Ambiance détendue dans la cantine provisoire, installée à quelques centaines de mètres du lac. Des airs de reggae retentissent des haut-parleurs. Pendant que les premiers figurants ont déjà commencé leur pause-déjeuner, le reste de l’équipe tourne encore quelques plans sur l’eau. Entre Insenborn et Esch-sur-Sûre, le Belge Bernard Bellefroid a trouvé le lieu idéal pour quelques séquences de son long-métrage intitulé La Régate.
Celui-ci raconte l’histoire d’Alexandre (Joffrey Verbruggen), un garçon de quinze ans qui rame, dans le sens propre comme dans le sens figuré. Car le jeune sportif âgé de quinze ans est élevé par un père (Thierry Hancisse) qui s’exprime surtout par la violence. Partageant également le même lieu de travail avec lui, l’aviron offre à Alexandre la seule possibilité d’échapper à l’emprise paternelle. C’est ici qu’il fait ses premières expériences de compétition, d’amitié et d’amour qu’une vie sans violence peut contenir.

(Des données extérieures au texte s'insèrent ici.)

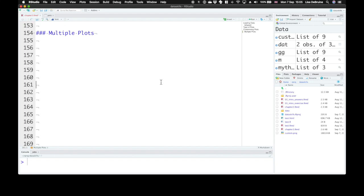In this section, we're going to learn how to create multiple plots, either multiple geoms on top of the same plot, faceting our data into multiple panels, or putting together multiple separate plots into one compound figure.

Entretemps arrivé à la tente-restaurant Sergi Lopez (Pan’s Labyrinth, Guillermo del Toro, 2006), qui interprète le rôle de l’entraîneur, confirme que son personnage remplace en quelque sorte le père, mais précise que c’est une fonction qui lui est attribué malgré lui : « L’entraîneur ne sait pas ce qui se passe entre Alexandre et son père. (…) Ce qui me semble intéressant dans ce rôle est l’ignorance qu’on peut avoir vis-à-vis d’une situation qui se passe sous nos yeux. La compréhension d’un tel problème arrive souvent trop tard. »Mais les caractéristiques et l’importance de ses personnages dans l’intrigue ne sont pas l’élément essentiel pour Sergi Lopez dans le choix de ces rôles. « Que je joue le personnage principal ou un rôle secondaire comme dans ce film, ce qui compte est la qualité du scénario dans son ensemble et le fait de sentir que le réalisateur soit véritablement passionné par son histoire. « S’il marque sa présence, son équipe est contaminée par son esprit et cela se ressent. (…) C’est dans cette optique que le scénario et la première rencontre avec Bernard m’ont motivé à accepter ce rôle. »
Comme pour souligner sa détermination ainsi décrite par un de ses acteurs, le réalisateur a déjà quitté la table en direction du plateau pendant que son équipe finit encore son repas.
Le tournage de cette co-production entre la Belgique, la France et le Luxembourg qui s’est déroulé successivement à Bereldange, Luxembourg-Ville et Walferdange marquera une dernière étape à Hesperange avant de quitter le grand-duché pour la Belgique. Le bilan intermédiaire dressé par le producteur Claude Waringo de la société Samsa Film est très positif. Une conclusion qui confirme la bonne impression que La Régate a laissée dès le départ : « Après avoir repris ce projet des mains des frères Dardenne, qui n’ont finalement pas souhaité le produire eux-mêmes, nous nous sommes heurtés à tellement peu de difficultés pour trouver les financements nécessaires que cela nous faisaient presque peur. »
Les rameurs d’Esch-sur-Sûre semblent donc en route vers un film d’auteur intimiste. Car même si La Régate constitue pour Bernard Bellefroid sa première expérience en dehors du documentaire, les intentions affichées et les témoignages recueillis laissent pressentir des émotions d’un réalisme dignes de ce genre.